До революции считалось похвальным для мужика покуражиться над своей бабой. Бывало, в праздники, когда подвыпьют, каждый наперебой спешил похвалиться, как он заставил свою в ноги кланяться, сапоги снимать, а за то, что неумело снимала, как он ее пнул, и как она покатилась по полу, а потом опять кланялась в ноги и просила прощения. Или как он, возвращаясь пьяным домой, кричал «Жена, встречай!», а она, чтобы не прозевать, давно уже ждала на улице, хотя бы это было и в трескучий мороз, и, едва услыхав, бежала навстречу, всячески стараясь угодить, чтобы не получить побоев от своего повелителя.
После революции 1905 года этим уже не похвалялись, такое поведение общественным мнением не одобрялось. Даже в части опрятности революция наложила свой отпечаток. Если до нее полы в избах мыли 2–3 раза в год, обычно к Рождеству и Пасхе (а в Уфтюге так было и до Октября), то теперь считалось обязательным делать это в каждую субботу.
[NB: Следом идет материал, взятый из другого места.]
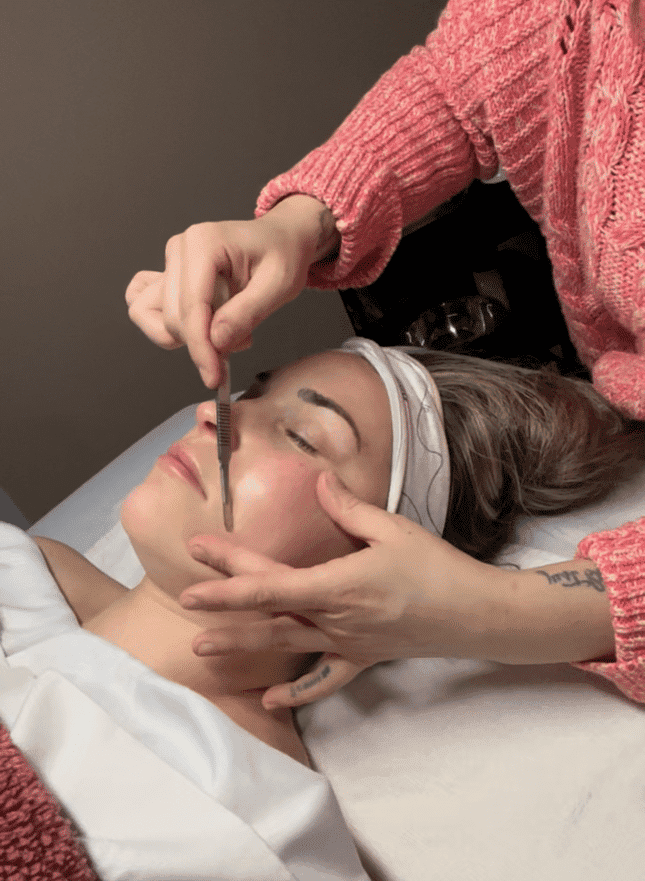 Esthetician applying facial treatment to a relaxed female client.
Мы с ребятами-сверстниками (некоторые из них тоже были уже женаты) время от времени давали знать о себе и о прошедших революционных годах. Как-то осенью в 1911 году был на Уфтюге престольный праздник, Николин день[233]. Мы с ребятами решили съездить, посмотреть, как уфтюжане пируют. В деревне Парыгино заехали к одному моему дальнему родственнику, Акимку Щученку, а у него сидит наш урядник[234], Матвей Докучаев (Уфтюга входила в его участок). Сидит на самом почетном месте, хозяин стоит, угощает его и присесть не смеет, даже со мной, дорогим родственником, поздоровался мельком. Вкруг стола сидело еще около десятка мужиков той же деревни, каждый ждал, чтобы увести урядника к себе в гости.
Кстати сказать, Уфтюга была для урядника золотым дном, отсюда он получал возами всякой снеди: и муки пшеничной, и мяса, и масла, и яиц. Получая 35–40 рублей жалованья, он жил, как помещик, детей учил в университетах.
Когда он увидел нас, ему стало заметно неловко, что мы застали его, представителя коронной службы, не на должной высоте: в Нюксенице он показываться пьяным остерегался, его, случалось, там и обезоруживали. С явной целью подкупить нас приветливостью он шутливо воскликнул: «А, сам атаман Юров пожаловал со своей командой! Давай, садитесь, садитесь, нюксяне. Ну-ка вы, уфтюжане, освободите место», — сказал он сидевшим по обе стороны от него мужикам. Нам даже неловко стало от того, как поспешно они вымелись из-за стола.
Нас было восемь человек, мы сели по обе стороны от урядника. Он скомандовал хозяину принести нам пива и водки, а когда выпили, попросил что-нибудь спеть. Мы не заставили долго себя упрашивать. Я моргнул ребятам, чтобы не подкачали, и начал: «Отречемся от старого мира…» Глотки у нас были молодые, и мы так гаркнули, что дрожали рамы, да и уфтюжане тоже. А рожа урядника черт-те на что и похожа была. Он так растерялся, что и после того, как мы кончили песню, еще долго не мог прийти в себя. Потом, очухавшись и даже, как будто, протрезвев, он начал нас упрашивать больше таких песен не петь.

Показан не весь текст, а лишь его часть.